Jorge didn’t eat much. But when he did it felt satisfying in a way he had never known back on Earth. Watching television gave him that itch, a subliminal thought that said, ‘Go! Buy this high caloric slop and you’d feel good.’ And that had been true. For the moments it took to consume. Like an intense hit of cocaine, each subsequent sniff weaker than the last. Before he knew it he was shoveling down five to six thousand calories a day. Often more. He ate so he could forget how his parents and society in general judged him for his size, and his size grew from his eating.

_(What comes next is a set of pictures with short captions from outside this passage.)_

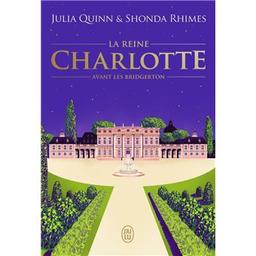 La reine Charlotte / Julia Quinn et Shonda Rhimes | Quinn, Julia (1970-....) - romancière. Auteur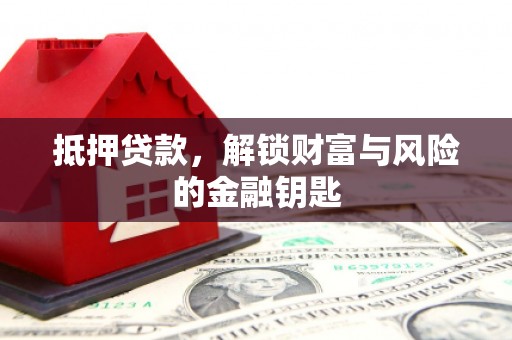 贵溪抵押贷款，解锁财富与风险的金融钥匙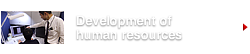 Development of human resources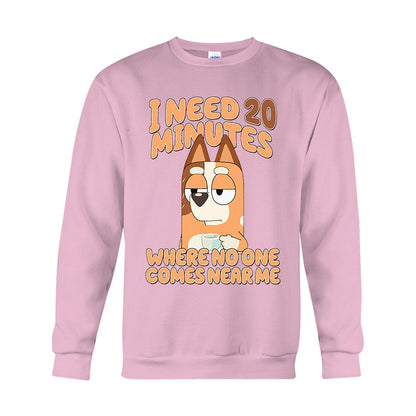 I Need 20 Minutes - Mother T-shirt And Hoodie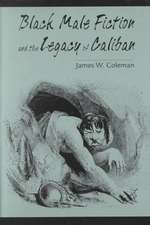 Black Male Fiction and the Legacy of Caliban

After nearly two months on Etrylis, he didn’t want to eat anymore; he needed to eat. And that made every berry he had to work for taste sweeter than diet Coke. Life felt right. And then he heard tree boughs break close by. Branches as thick as he was tall were being strained past their limit. He did not see, but he heard it. The bushes nearby rustled and the two-headed deer galloped out. It stopped by his camp and lowered its back. Without thinking, Jorge grabbed his bow and a handful of arrows, and climbed onto the animal’s back. It took off. Jorge nearly fell backward in surprise from the acceleration. He dared to look behind him and saw a rising shadow cloaking a set of mountainous jaws. The shadow was brown fur. The monster was a bear. When it roared, it sent tremors through his skull. On its hind legs it was as tall as a house. And when it broke into a run it shattered everything in its path.